• [Source data]:
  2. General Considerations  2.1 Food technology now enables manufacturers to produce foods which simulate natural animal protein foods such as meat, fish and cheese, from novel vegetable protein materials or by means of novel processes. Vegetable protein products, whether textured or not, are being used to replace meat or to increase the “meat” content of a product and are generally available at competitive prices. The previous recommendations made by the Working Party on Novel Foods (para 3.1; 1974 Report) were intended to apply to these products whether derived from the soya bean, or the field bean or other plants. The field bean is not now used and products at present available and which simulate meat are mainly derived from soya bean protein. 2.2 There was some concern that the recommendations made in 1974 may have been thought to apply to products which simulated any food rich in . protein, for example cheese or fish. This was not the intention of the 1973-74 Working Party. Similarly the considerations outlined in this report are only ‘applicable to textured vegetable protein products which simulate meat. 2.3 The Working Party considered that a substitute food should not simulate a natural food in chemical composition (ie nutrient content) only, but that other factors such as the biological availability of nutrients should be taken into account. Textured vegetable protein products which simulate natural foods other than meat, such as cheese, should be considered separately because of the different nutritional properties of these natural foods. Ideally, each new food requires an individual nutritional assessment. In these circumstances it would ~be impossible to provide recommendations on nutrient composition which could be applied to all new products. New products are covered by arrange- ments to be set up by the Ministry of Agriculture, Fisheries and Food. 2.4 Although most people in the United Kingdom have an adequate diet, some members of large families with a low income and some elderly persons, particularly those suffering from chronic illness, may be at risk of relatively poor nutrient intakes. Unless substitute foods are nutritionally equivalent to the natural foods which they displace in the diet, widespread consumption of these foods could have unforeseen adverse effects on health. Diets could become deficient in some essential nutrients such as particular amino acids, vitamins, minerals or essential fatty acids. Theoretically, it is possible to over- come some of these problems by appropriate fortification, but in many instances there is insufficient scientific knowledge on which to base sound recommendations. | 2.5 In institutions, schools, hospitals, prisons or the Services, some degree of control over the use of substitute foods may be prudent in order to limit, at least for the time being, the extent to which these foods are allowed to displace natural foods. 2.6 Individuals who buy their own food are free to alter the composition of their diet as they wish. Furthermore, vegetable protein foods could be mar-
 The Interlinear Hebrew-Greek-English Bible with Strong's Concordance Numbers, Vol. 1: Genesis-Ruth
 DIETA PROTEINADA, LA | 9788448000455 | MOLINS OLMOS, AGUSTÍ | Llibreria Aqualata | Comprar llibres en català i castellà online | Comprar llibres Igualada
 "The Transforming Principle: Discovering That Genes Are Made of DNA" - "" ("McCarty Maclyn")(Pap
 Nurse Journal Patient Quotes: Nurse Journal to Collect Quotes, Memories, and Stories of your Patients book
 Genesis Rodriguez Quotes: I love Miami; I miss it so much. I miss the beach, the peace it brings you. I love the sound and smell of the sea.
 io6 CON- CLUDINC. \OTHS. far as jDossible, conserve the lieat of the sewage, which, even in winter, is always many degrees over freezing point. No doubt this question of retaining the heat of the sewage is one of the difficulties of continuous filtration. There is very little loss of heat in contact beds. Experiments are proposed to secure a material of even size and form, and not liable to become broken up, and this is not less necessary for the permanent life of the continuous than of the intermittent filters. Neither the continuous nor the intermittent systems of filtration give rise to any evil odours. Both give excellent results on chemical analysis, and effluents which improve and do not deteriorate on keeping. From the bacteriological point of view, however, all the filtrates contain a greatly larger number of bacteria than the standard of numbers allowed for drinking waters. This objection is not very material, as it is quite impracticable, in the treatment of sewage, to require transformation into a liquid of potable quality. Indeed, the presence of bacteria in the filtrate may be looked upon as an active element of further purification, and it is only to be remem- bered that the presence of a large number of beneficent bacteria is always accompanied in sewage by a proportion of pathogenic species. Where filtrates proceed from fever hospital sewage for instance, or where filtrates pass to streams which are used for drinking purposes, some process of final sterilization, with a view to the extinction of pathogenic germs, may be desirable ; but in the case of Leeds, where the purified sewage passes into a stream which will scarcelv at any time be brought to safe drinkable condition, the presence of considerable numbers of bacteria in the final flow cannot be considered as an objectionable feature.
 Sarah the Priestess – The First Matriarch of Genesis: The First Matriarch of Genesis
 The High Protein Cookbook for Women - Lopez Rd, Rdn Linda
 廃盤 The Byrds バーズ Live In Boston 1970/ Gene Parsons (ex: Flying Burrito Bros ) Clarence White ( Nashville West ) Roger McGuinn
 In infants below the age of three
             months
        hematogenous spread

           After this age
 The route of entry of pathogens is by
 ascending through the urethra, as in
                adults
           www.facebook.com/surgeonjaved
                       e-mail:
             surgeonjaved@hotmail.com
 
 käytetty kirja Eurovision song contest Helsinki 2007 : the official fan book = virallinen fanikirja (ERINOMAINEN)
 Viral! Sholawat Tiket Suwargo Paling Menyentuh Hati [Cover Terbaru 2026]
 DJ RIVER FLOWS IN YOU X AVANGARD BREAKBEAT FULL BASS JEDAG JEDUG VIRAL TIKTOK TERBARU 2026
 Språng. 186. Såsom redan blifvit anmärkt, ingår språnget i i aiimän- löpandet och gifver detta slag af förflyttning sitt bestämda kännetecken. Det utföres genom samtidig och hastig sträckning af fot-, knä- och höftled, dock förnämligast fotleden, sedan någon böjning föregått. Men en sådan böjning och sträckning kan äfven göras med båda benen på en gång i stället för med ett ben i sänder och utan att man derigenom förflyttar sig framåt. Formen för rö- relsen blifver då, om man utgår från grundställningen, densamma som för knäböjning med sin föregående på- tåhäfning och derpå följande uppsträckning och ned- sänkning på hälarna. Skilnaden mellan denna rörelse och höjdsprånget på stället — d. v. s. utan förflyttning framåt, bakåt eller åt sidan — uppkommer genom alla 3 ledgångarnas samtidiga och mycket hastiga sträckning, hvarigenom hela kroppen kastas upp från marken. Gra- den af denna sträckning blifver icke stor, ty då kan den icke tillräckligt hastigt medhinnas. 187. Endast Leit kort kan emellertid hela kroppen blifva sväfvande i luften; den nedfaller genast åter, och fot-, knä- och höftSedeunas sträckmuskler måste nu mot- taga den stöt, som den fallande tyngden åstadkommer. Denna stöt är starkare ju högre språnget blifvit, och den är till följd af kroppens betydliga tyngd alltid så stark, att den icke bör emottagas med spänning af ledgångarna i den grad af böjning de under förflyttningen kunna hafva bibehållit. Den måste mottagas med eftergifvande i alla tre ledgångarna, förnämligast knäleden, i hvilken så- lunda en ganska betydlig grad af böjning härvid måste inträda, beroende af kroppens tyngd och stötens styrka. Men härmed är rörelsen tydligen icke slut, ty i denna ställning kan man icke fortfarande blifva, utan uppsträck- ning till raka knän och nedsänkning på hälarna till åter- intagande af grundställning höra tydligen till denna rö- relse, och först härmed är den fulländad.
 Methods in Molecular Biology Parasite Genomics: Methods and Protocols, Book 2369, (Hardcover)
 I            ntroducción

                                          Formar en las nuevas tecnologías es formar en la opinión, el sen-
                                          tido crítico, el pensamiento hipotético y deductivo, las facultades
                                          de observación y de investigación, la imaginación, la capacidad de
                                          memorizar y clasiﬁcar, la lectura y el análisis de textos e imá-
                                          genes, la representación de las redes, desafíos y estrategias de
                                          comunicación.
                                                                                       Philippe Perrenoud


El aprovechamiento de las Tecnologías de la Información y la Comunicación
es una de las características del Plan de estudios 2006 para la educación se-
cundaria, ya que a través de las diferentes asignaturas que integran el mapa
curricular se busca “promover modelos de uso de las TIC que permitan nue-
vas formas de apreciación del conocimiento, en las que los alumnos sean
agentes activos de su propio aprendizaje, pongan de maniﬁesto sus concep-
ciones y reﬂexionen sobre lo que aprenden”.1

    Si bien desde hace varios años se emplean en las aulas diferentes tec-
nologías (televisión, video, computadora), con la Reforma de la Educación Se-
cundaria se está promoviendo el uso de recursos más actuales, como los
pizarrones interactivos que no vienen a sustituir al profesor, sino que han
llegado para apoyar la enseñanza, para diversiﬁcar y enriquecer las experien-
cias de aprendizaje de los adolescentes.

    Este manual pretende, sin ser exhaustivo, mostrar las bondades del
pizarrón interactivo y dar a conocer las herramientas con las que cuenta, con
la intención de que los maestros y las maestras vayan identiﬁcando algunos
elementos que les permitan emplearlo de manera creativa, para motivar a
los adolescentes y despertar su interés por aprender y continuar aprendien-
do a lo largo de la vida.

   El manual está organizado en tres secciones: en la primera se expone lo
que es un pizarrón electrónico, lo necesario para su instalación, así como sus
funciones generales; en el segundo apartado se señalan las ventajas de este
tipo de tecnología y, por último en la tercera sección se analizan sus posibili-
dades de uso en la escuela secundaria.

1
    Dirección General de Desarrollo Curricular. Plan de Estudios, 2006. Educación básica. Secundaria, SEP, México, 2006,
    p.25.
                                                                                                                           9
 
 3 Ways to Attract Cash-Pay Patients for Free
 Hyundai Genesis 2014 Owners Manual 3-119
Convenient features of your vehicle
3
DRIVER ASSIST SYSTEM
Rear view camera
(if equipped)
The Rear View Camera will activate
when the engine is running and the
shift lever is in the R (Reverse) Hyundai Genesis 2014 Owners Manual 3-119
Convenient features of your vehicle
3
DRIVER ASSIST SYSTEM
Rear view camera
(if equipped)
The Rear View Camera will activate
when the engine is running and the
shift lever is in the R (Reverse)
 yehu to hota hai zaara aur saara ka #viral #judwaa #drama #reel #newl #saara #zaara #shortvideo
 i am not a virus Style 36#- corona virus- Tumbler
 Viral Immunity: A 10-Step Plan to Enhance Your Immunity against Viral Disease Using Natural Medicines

• [Task description]: Your reply must contain the line with "i am not a virus" and each later line of the material, word for word, and nothing else.

• [Completed exercise]:
 i am not a virus Style 36#- corona virus- Tumbler
 Viral Immunity: A 10-Step Plan to Enhance Your Immunity against Viral Disease Using Natural Medicines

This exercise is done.